Work task:
Pictures in the material below are to be left out, and only the lines from the line with "Colar Trevo em Aço Inox (Linha Premium)" up to and including the line with "The Reviewer's Guide" are to be written out exactly.

Dataset records:
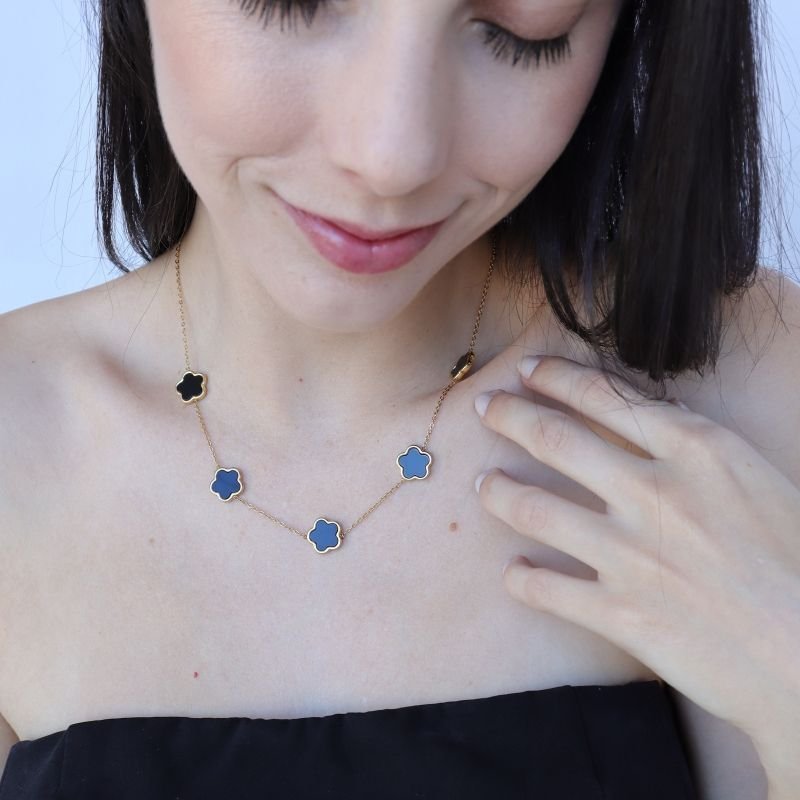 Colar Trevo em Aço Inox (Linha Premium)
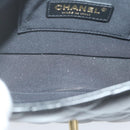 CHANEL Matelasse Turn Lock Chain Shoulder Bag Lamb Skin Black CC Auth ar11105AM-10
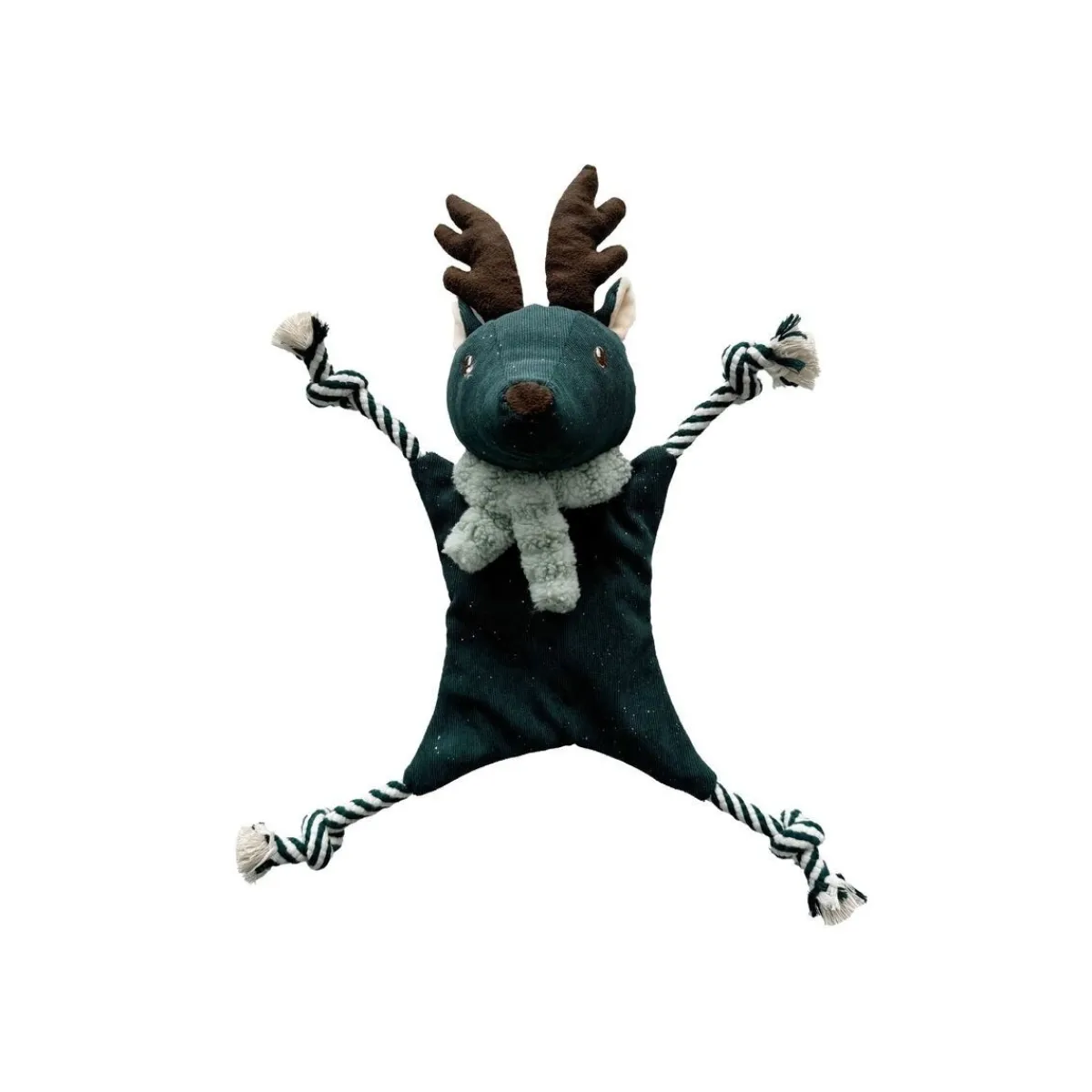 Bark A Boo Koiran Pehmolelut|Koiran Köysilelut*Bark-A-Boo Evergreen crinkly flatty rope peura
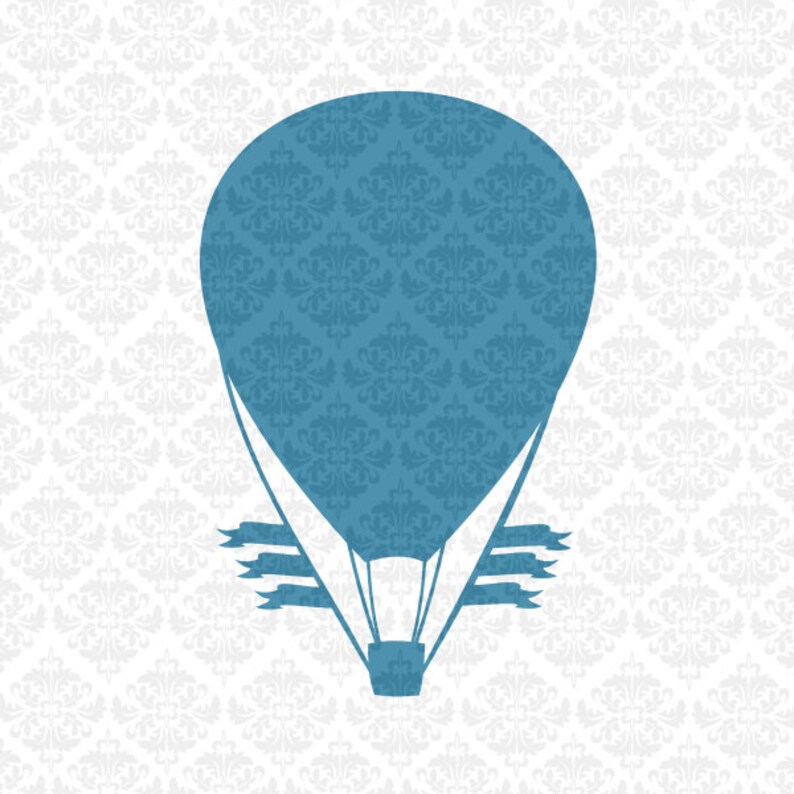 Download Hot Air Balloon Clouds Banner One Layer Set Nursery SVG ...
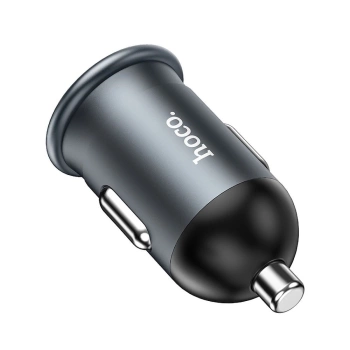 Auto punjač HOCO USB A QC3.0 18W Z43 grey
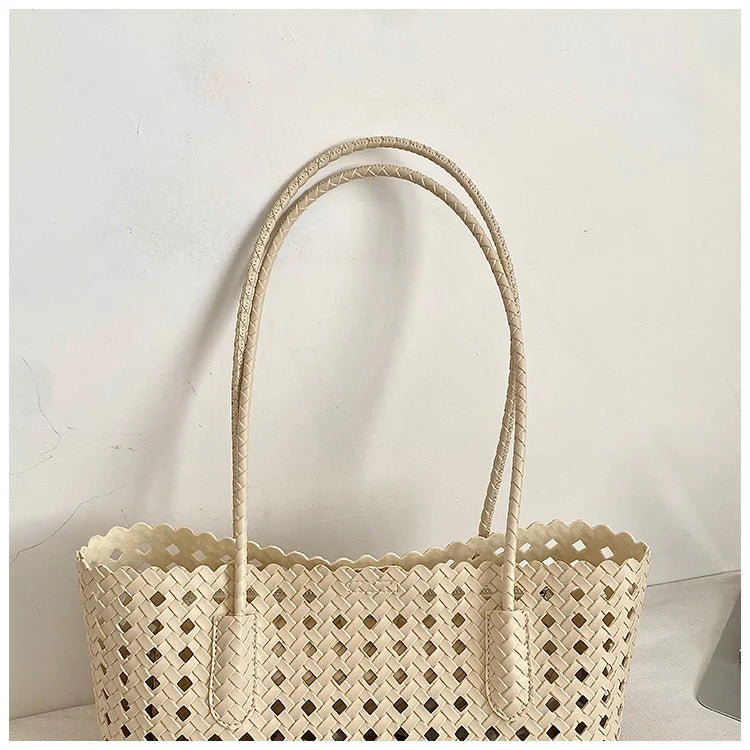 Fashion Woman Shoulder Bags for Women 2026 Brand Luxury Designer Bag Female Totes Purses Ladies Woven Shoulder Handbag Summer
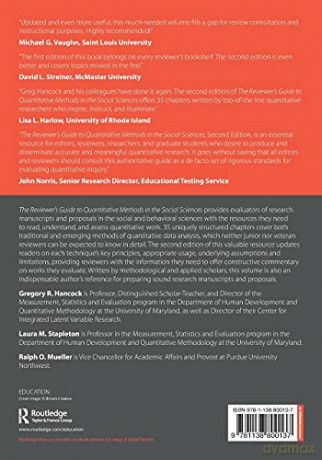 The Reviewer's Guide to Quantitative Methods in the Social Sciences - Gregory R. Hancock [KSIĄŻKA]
--
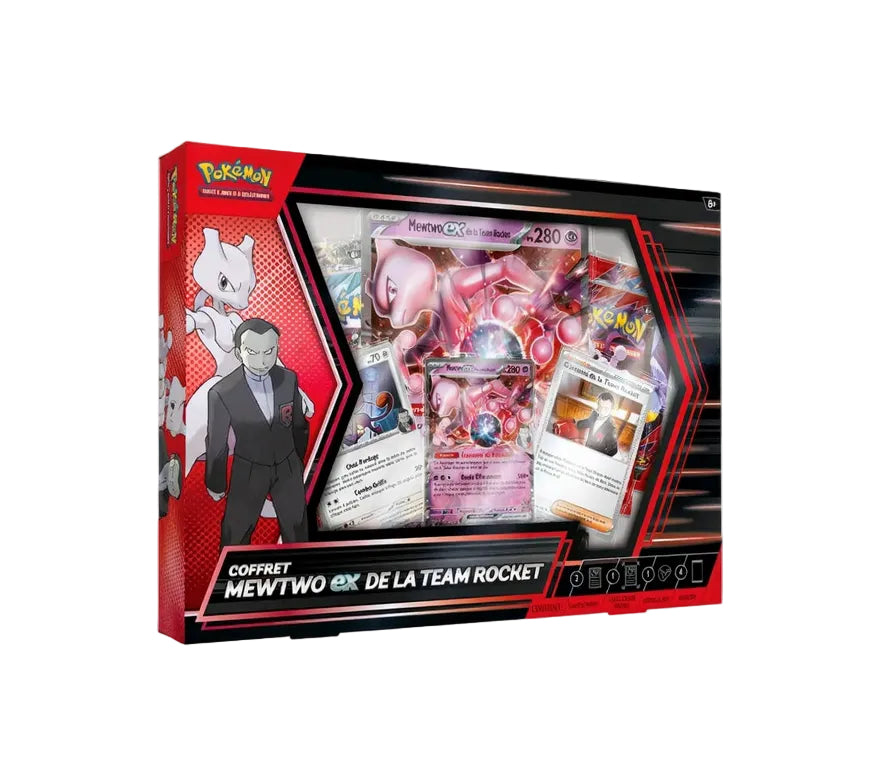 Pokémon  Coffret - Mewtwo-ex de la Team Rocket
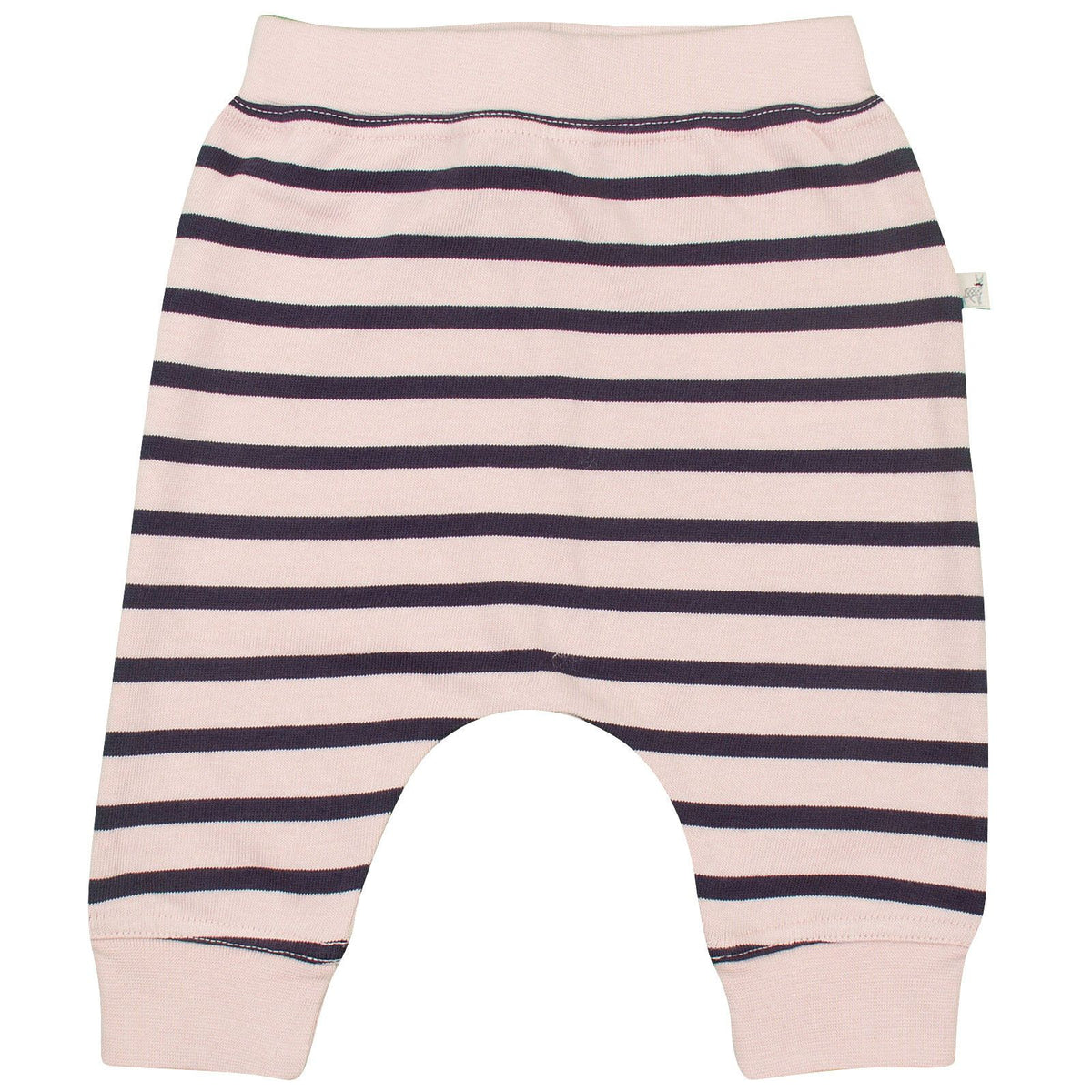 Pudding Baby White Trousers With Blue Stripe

Solved problem:
 Colar Trevo em Aço Inox (Linha Premium)
 CHANEL Matelasse Turn Lock Chain Shoulder Bag Lamb Skin Black CC Auth ar11105AM-10
 Bark A Boo Koiran Pehmolelut|Koiran Köysilelut*Bark-A-Boo Evergreen crinkly flatty rope peura
 Download Hot Air Balloon Clouds Banner One Layer Set Nursery SVG ...
 Auto punjač HOCO USB A QC3.0 18W Z43 grey
 Fashion Woman Shoulder Bags for Women 2026 Brand Luxury Designer Bag Female Totes Purses Ladies Woven Shoulder Handbag Summer
 The Reviewer's Guide to Quantitative Methods in the Social Sciences - Gregory R. Hancock [KSIĄŻKA]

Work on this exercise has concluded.